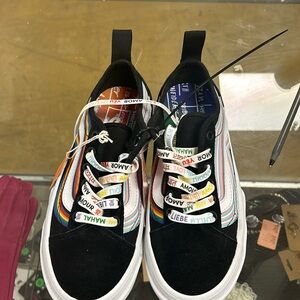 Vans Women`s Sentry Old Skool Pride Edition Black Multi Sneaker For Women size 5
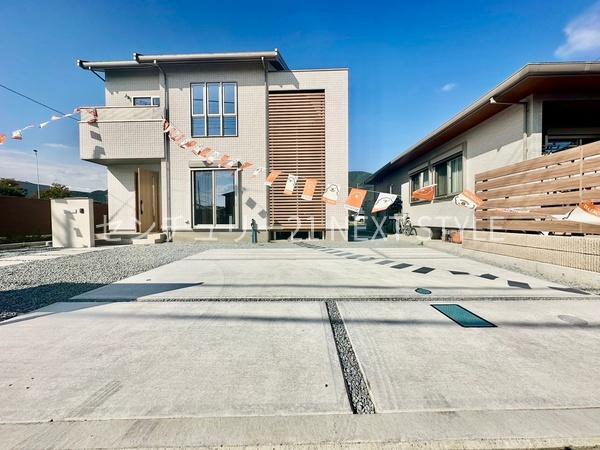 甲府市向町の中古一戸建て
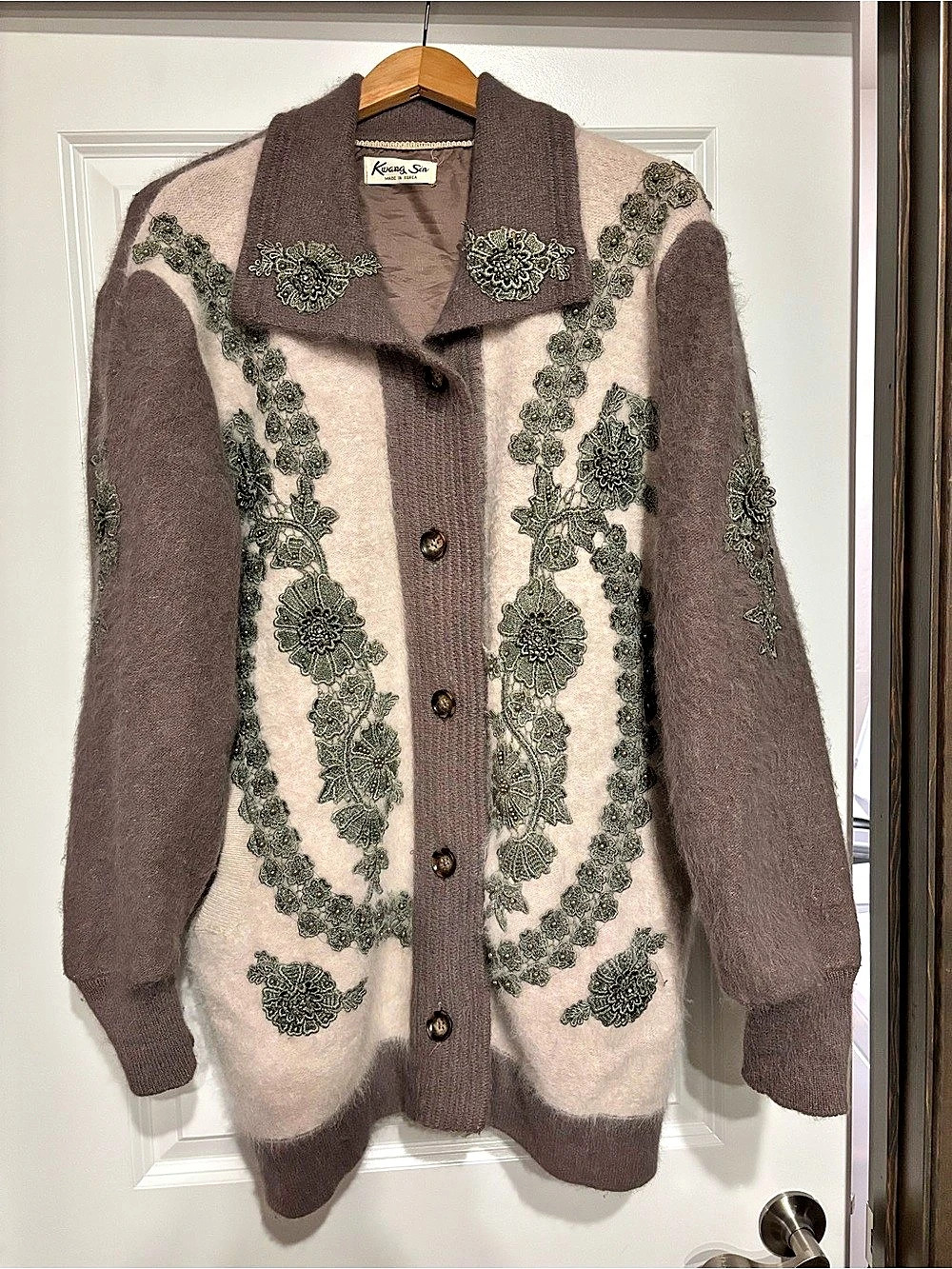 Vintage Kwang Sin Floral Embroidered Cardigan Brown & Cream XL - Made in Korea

════

» Action item: Write out the whole listing verbatim, images excluded.

» Output of the task:
 Vans Women`s Sentry Old Skool Pride Edition Black Multi Sneaker For Women size 5
 甲府市向町の中古一戸建て
 Vintage Kwang Sin Floral Embroidered Cardigan Brown & Cream XL - Made in Korea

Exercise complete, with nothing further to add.